Plaintiff also contends that the defendant railroad should have pleaded the above statute as an affirmative defense. Defense counsel did make a motion for partial summary judgment (GCR 1963, 117.2) based on this statute. The court ruled that it would be covered in the final charge as it was. The jury returned a verdict of no cause of action. The statute merely modifies the scope of the duty, which is plaintiff's obligation to prove. It is not the type of defense listed in GCR 1963, 111.7 as affirmative defenses. The statute does serve to defeat a claim rather than to impose a defense to an otherwise valid claim and was thus properly brought as a motion for summary judgment. There was no surprise and no error.

It is next urged by the plaintiff that the railroad should have applied for permission from the Michigan public service commission to erect additional signs.[2] This constituted an entirely separate theory of negligence which the trial court ruled, and properly so, was beyond the scope of the pleadings.[3]

There was substantial evidence that the train had its oscillating headlight burning, that its whistle blew *85 6 or 7 times as it approached the crossing, and that it began whistling at least 1500 feet back. The whistle blew continuously for at least 25 to 30 seconds. The jury could properly conclude that there was no negligence.

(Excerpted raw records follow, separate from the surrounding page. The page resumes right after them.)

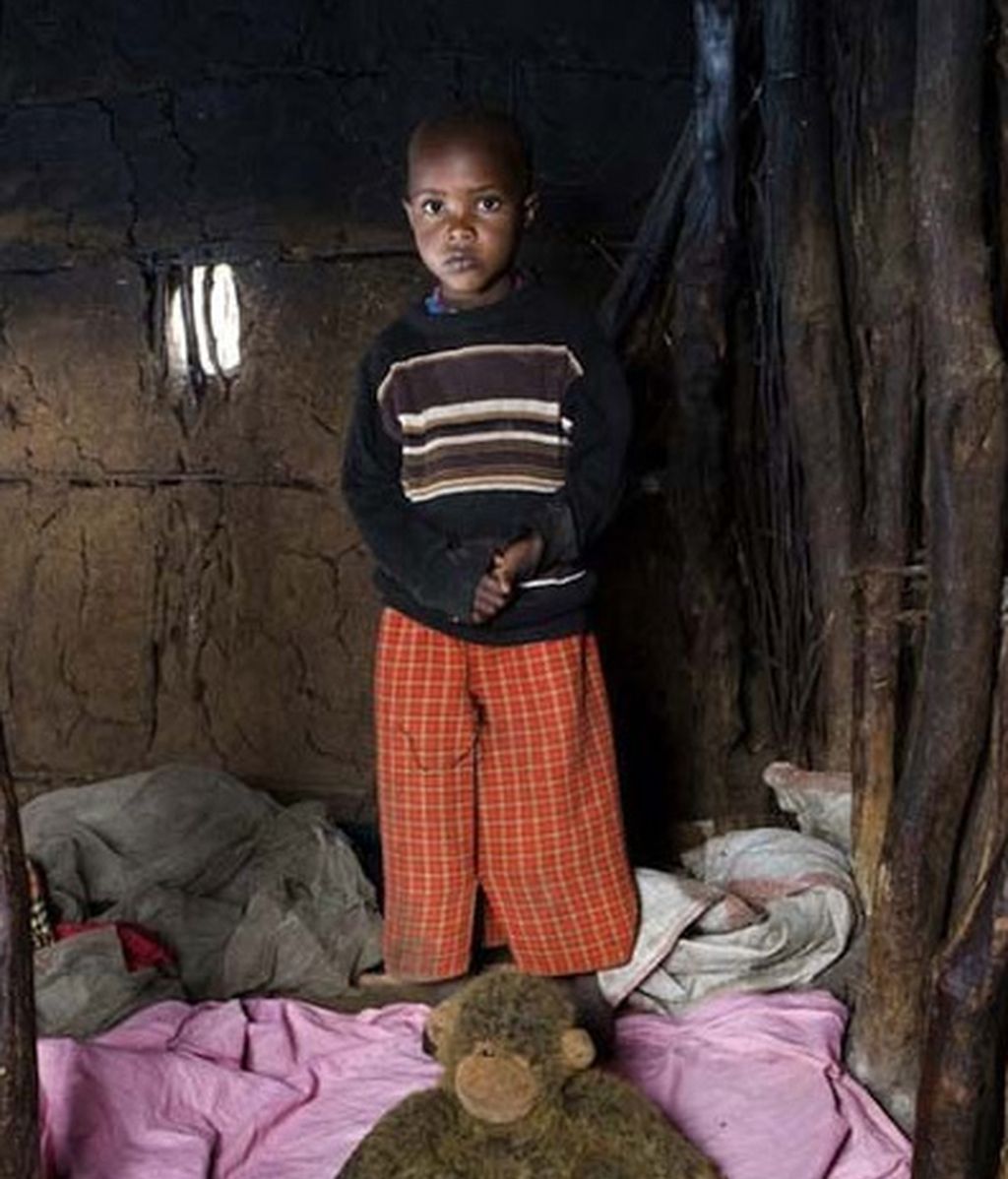 Niños de todo el mundo con sus juguetes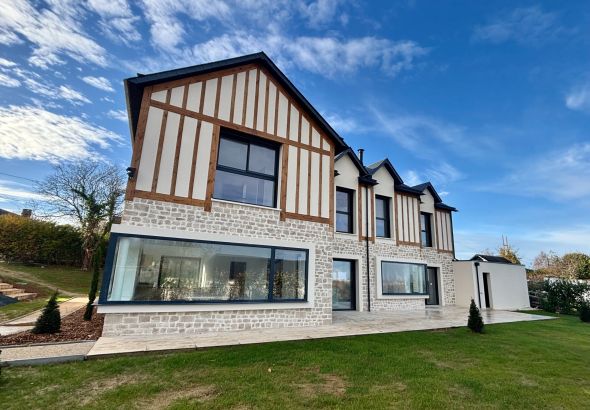 Sale Luxury house Trouville-sur-Mer 8 Rooms 372 m²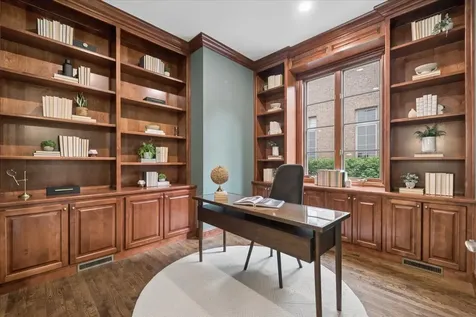1235 Scott Avenue Winnetka IL 60093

Affirmed. Costs to appellee.

McGREGOR, P.J. and J.H. GILLIS, J., concurred.

NOTES

[1] Sec. 615. (a) Except with authority of a statute or of a duly authorized public body or official, no person shall place, maintain, or display along any highway or upon any structure in or over any highway any sign, signal, marking, device, blinking, oscillating or rotating light or lights, decoration or banner which is or purports to be or is in imitation of or resembles or which can be mistaken for a traffic control device or railroad sign or signal, or which attempts to direct the movement of traffic, or which hides from view or interferes with the effectiveness of any traffic control device or any railroad sign or signal, and no person shall place or maintain nor shall any public authority permit upon any highway any traffic sign or signal bearing thereon any commercial advertising.

(b) No person shall place, maintain or display along any highway any blinking, oscillating or rotating light or lights sufficiently similar in color and design that they may be mistaken for the distinguishing lights authorized by law for emergency vehicles or that creates a hazard for the safety of drivers using said highways.

(c) Every such prohibited sign, signal, marking, device, decoration or banner is hereby declared to be a public nuisance and the authority having jurisdiction over the highway is hereby empowered to remove the same or cause to be removed without notice.

(d) Decorations or banners which may be placed over the traveled portion of any street or highway shall be placed not closer than 10 feet on either side of traffic lights or signals and shall be so placed as to not obstruct a clear view of such traffic lights or signals.

[2] In the agreed statement of facts it appears that on November 16, 1962, the Michigan public service commission made an inspection of this crossing, with due notice to highway, police, and railroad authorities. This was only 2 months before the accident. The finding was as follows:

"Present roadway conditions and traffic, combined with the possibility of road improvement in the future, cannot be deemed such as to justify the installation of automatic protection. Change in roadway construction, to permit more traffic at higher speed, should justify further consideration of these crossings."

The agreed statement of facts went on to state that no material changes occurred between the inspection and the accident.

[3] The only allegation of negligence was as follows: "That the defendant, Grand Trunk Western Railroad, a Michigan corporation, had a duty to maintain its railroad crossings in such a manner and in such a condition as to adequately warn members of the general public of an approaching railroad engine."